OTTO is advancing the use of machine learning in its operations, a move that is seen as extremely unusual by industry experts5 and that will have sparked intense internal debates, particularly as a meaningful portion of the retailer’s staff is employed in merchandising and replenishment functions. With its radical shift to autonomous decision-making, how can OTTO avoid technology fear among employees and stakeholders and build a culture that embraces technology-led innovation8?
Moreover, although Blue Yonder’s machine learning and OTTO’s autonomous deployment of the algorithms are currently serving as a competitive advantage, how sustainable is that advantage when other retailers replace core functions with machine learning algorithms? How would a world look like in which product assortment, pricing and customer experience across retailers are driven by the same algorithms?
- Blue Yonder OTTO Case Study, “Replenishment and Price Optimization at OTTO,” https://www.blueyonder.ai/sites/default/files/by-case-study-otto-en.pdf, accessed November 2018.
- David Simchi-Levi, Michelle Xiao Wu, “Powering retailers’ digitization through analytics and automation,” International Journal of Production Research, Jan2018, Vol. 56 Issue 1/2: 809–816.

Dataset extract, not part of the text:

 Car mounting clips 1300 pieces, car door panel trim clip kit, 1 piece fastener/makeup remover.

- Ecommerce News, “Top 100 online shops in Germany 2018”, Ecommerce News, https://ecommercenews.eu/top-100-online-shops-in-germany-2018, accessed November 2018.
- John R. Yuva, “Consumers Sit in THE E-COMMERCE DRIVER’S SEAT,” Supply & Demand Chain Executive, Sep2017, Vol. 18 Issue 4: 6–10.

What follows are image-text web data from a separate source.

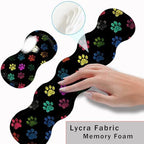 Keyboard Wrist Rest and Mouse Pad with Wrist Support Set Ergonomic Coaster,Memory Foam,Easy Typing Pain Relief,Large XL Desk Mat 31.5"x 11.8",Colorful Paw Prints - Image 5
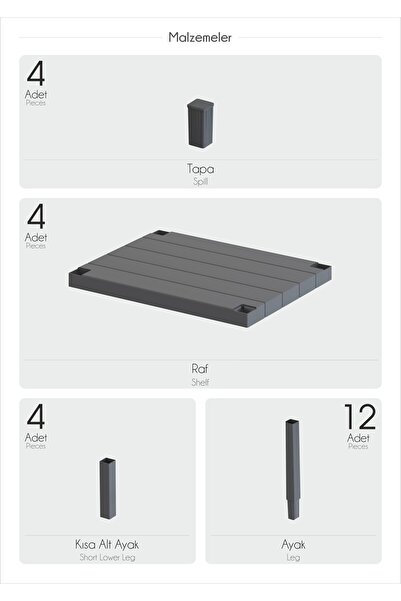 Bayev Ombeg 4 Tier Plastic Organizer Μπάνιου - Γλάστρα Βιβλιοθήκη Λευκό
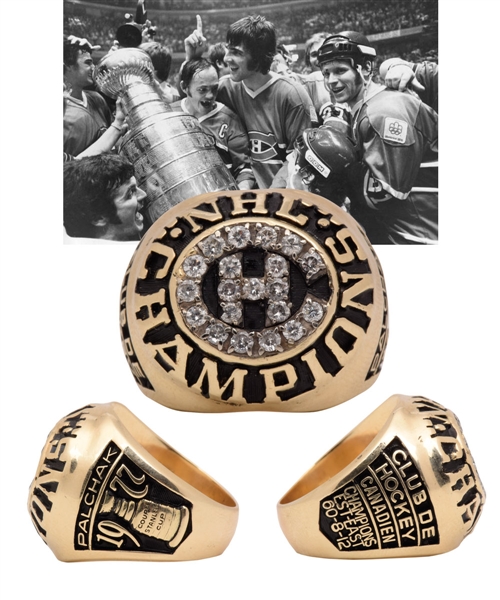Eddy Palchaks 1976-77 Montreal Canadiens Stanley Cup Championship 14K Gold and Diamond Ring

- The Economist, “How Germany’s Otto uses artificial intelligence,” The Economist, https://www.economist.com/business/2017/04/12/how-germanys-otto-uses-artificial-intelligence, accessed November 2018.
- NOAH Conference 2016 Presentation Blue Yonder, https://de.slideshare.net/NOAHAdvisors/blue-yonder-noah16-london, accessed November 2018.
- Anastassia Fedyk, “How to tell if machine learning can solve your business problem,” Harvard Business Review Digital Articles, (November 15, 2016).
- Andy Hawkins, “Machine learning and the supply chain”, Logistics & Transport Focus. Sep2018, Vol. 20 Issue 9: 30–31.